Check if Palindrome
A linked list is a palindrome if it reads the same forwards and backwards.
For example:
Palindrome:
HEAD -> [1] -> [2] -> [3] -> [2] -> [1] -> NULL
Not a palindrome:
HEAD -> [1] -> [2] -> [3] -> [4] -> [5] -> NULLThe Approach
Since we can't traverse a singly linked list backwards, the idea is to:
- Find the middle of the list using slow/fast pointers
- Reverse the second half of the list
- Compare both halves node by node
If all values match, then it's a palindrome.
Step 1: Find the middle using fast and slow pointers
s f
HEAD -> [1] -> [2] -> [3] -> [2] -> [1] -> NULL
^
middle
Step 2: Reverse the second half
HEAD -> [1] -> [2] -> [3] [1] -> [2] -> NULL
^
second half reversed
Step 3: Compare both halves
HEAD -> [1] -> [2] -> [3] [1] -> [2] -> NULL
^ ^
left right
Result: 1 == 1, 2 == 2, it's a Palindrome!In C
We already know how to reverse a linked list! So all that's left is to find the middle and split it in half.
// Returns true if the list is a palindrome
int is_palindrome(Node *head) {
if (head == NULL || head->next == NULL) {
return 1;
}
// Find the middle
Node *slow = head;
Node *fast = head;
while (fast != NULL && fast->next != NULL) {
slow = slow->next;
fast = fast->next->next;
}
// Reverse the second half
Node *second = reverse_list(slow);
Node *copy = second; // Keep a copy to restore later
// Compare both halves
Node *left = head;
Node *right = second;
int result = 1;
// Check until the right half is exhausted
while (right != NULL) {
if (left->data != right->data) {
result = 0;
break;
}
left = left->next;
right = right->next;
}
// Restore the list
reverse_list(copy);
return result;
}
// Usage
Node *head = NULL;
insert_at_tail(&head, 1);
insert_at_tail(&head, 2);
insert_at_tail(&head, 3);
insert_at_tail(&head, 2);
insert_at_tail(&head, 1);
if (is_palindrome(head)) {
printf("Palindrome!\n"); // Prints this
} else {
printf("Not a palindrome\n");
}Node *slow, *fast finds the middle using a slow and fast pointer (the same trick from cycle detection).

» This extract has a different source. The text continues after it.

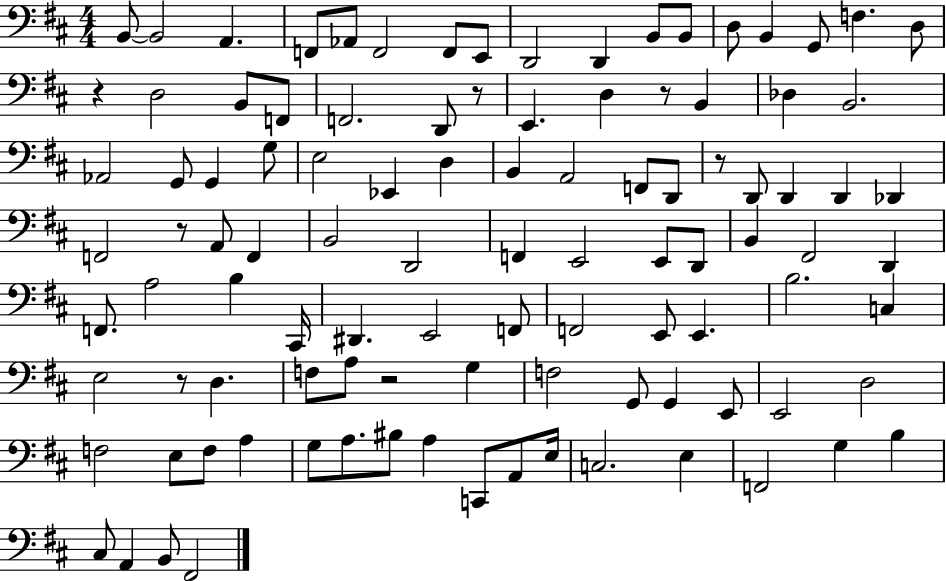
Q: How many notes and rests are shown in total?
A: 104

reverse_list(slow) reverses the second half of the list in place.
while (right != NULL) compares both halves node by node, stopping when the right half is exhausted.

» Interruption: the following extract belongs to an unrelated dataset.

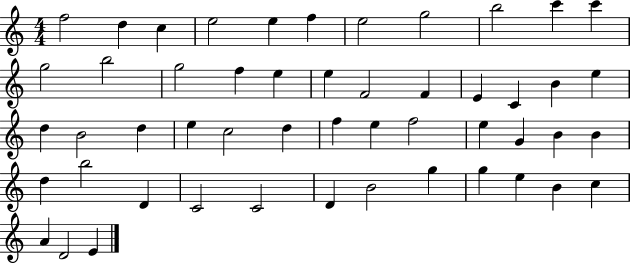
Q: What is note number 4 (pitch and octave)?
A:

reverse_list(copy) restores the list to its original order after the check.
Why restore the list?
Reversing the second half mutates the list. If the caller still needs the list intact after calling is_palindrome, leaving it modified would be surprising. Restoring it is not strictly necessary, but it's good practice to avoid side effects when possible.
WARNING
We only iterate until right != NULL rather than checking both left and right, because the second half is always the same length or shorter than the first half, so right always runs out first.
In Rust
Checking for a palindrome in Rust is harder than in C, since we can't have two mutable references to the same list at the same time, which makes it tricky to reverse the second half while still having access to the first half for comparison. So we must do a slightly different approach.
impl Node {
fn is_palindrome(head: Option<Box<Node>>) -> bool {
if head.is_none() {
return true;
}
// Count the length
let mut len = 0;
let mut curr = head.as_ref();
while let Some(node) = curr {
len += 1;
curr = node.next.as_ref();
}
// Walk to the middle and split
let mut left = head;
let mut walker = &mut left;
for _ in 0..(len + 1) / 2 {
walker = &mut walker.as_mut().unwrap().next;
}
let second = walker.take();
// Reverse the second half
let right = Node::reverse(second);
// Compare both halves
let mut l = left.as_ref();
let mut r = right.as_ref();
// Check until the right half is exhausted
while r.is_some() {
if l.unwrap().data != r.unwrap().data {
return false;
}
l = l.unwrap().next.as_ref();
r = r.unwrap().next.as_ref();
}
true
}
}
// Usage
let mut head = None;
head = Node::insert_at_tail(head, 1);
head = Node::insert_at_tail(head, 2);
head = Node::insert_at_tail(head, 3);
head = Node::insert_at_tail(head, 2);
head = Node::insert_at_tail(head, 1);
if Node::is_palindrome(head) {
println!("Palindrome!"); // Prints this
} else {
println!("Not a palindrome");
}Node::reverse(head) takes ownership of the list and returns the reversed version.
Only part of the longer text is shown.